Los efectivos militares determinaron que los ahora detenidos integraban la estructura logística del denominado Frente Oliver Sinisterra. Esta organización es identificada por las autoridades como una facción de las disidencias de las FARC que busca el control de diversos corredores estratégicos. La intervención se diseñó con el objetivo de desmantelar la base de operaciones que el grupo criminal mantenía oculta en la zona selvática.
Detalles del armamento incautado
El registro minucioso realizado por diversas unidades militares permitió el hallazgo de un nutrido arsenal compuesto por fusiles, carabinas y múltiples pistolas. Junto al armamento, se confiscaron más de 2.700 cartuchos de diferentes calibres y una granada de mano de fabricación industrial. Asimismo, los uniformados decomisaron doce chalecos de combate diseñados para operaciones de guerrilla en las zonas de vegetación espesa del norte del país.
Entre los ciudadanos puestos a órdenes judiciales por mandos militares constan sujetos conocidos por apodos como «Juancho», Diego, «Leo» y «Ecuador». La nómina de aprehendidos se completa con individuos identificados como «Boca», «Paco», «Culón» y «Guachito», además de otros implicados directos. Estas diez capturas representan un golpe significativo a la estructura de mando y a la logística de este grupo armado ilegal.
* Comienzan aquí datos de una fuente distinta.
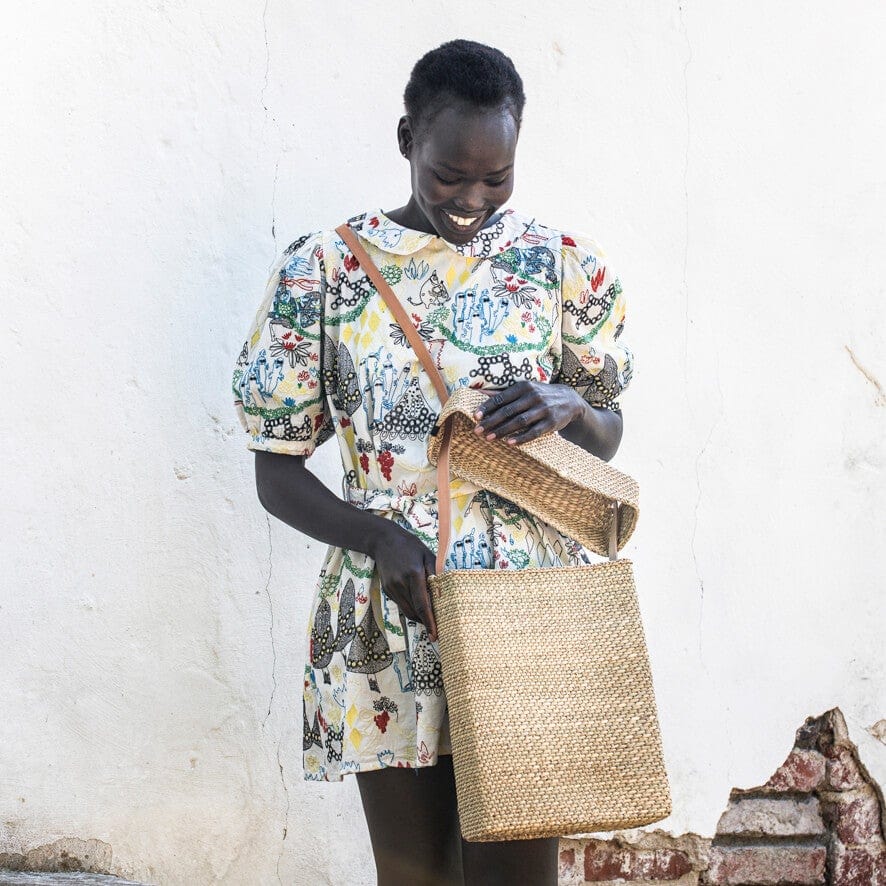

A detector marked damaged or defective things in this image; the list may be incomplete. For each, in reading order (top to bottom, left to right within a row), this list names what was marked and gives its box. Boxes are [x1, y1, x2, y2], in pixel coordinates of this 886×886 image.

crack in plaster [848, 346, 886, 408] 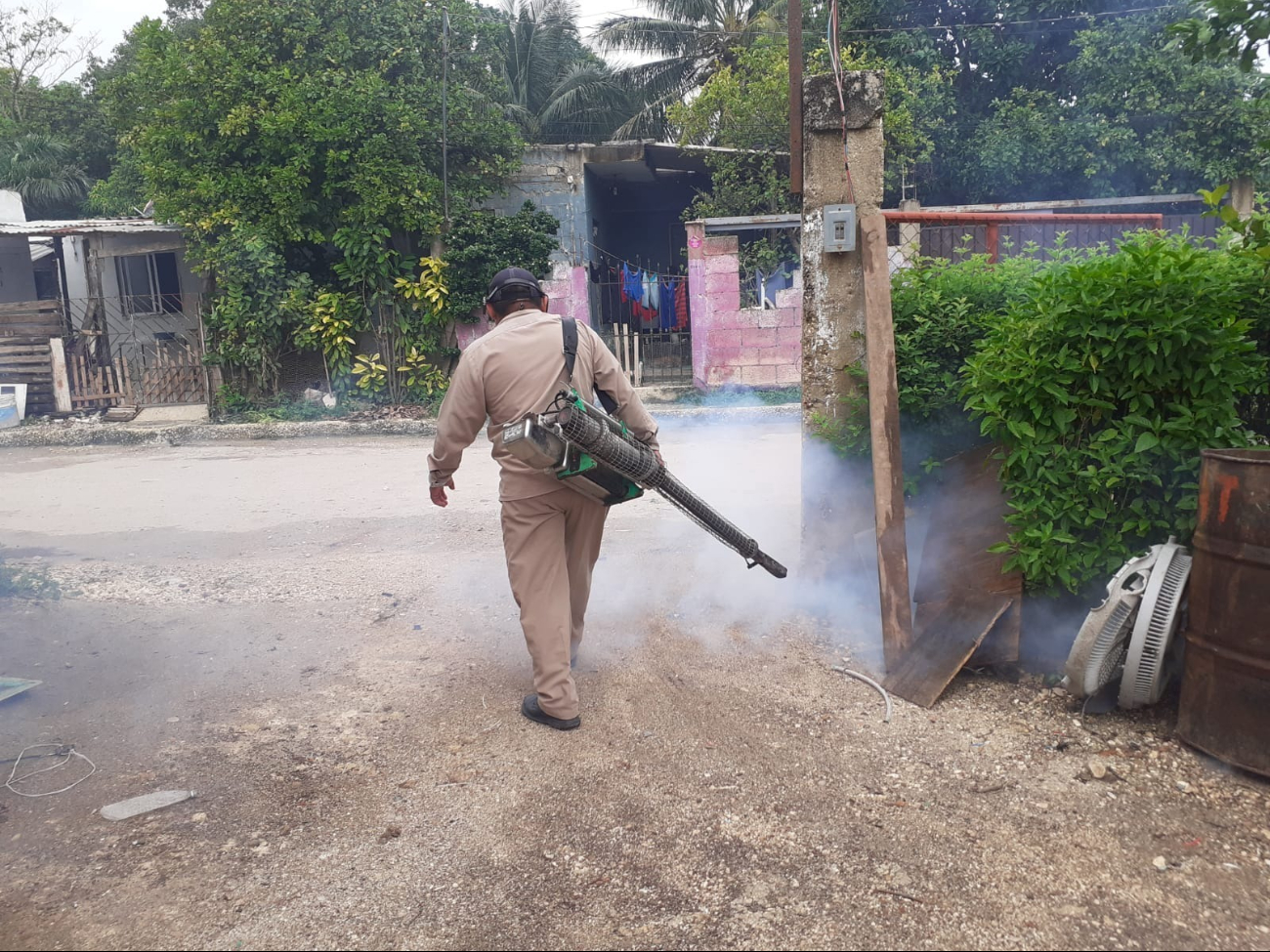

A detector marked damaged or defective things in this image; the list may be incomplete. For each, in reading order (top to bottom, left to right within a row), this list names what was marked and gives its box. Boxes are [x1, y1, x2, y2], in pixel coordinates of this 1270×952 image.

Seguridad en el cordón fronterizo
El Ministerio de Defensa detalló que estas tareas desarrolladas por los militares consolidan el orden en el cordón fronterizo del norte ecuatoriano. Con el retiro de las armas y la neutralización de los sospechosos, se reduce drásticamente la capacidad de fuego de estas agrupaciones fuera de la ley. Las investigaciones forenses se centran ahora en rastrear el origen del armamento y la posible ofensiva de otros colaboradores locales.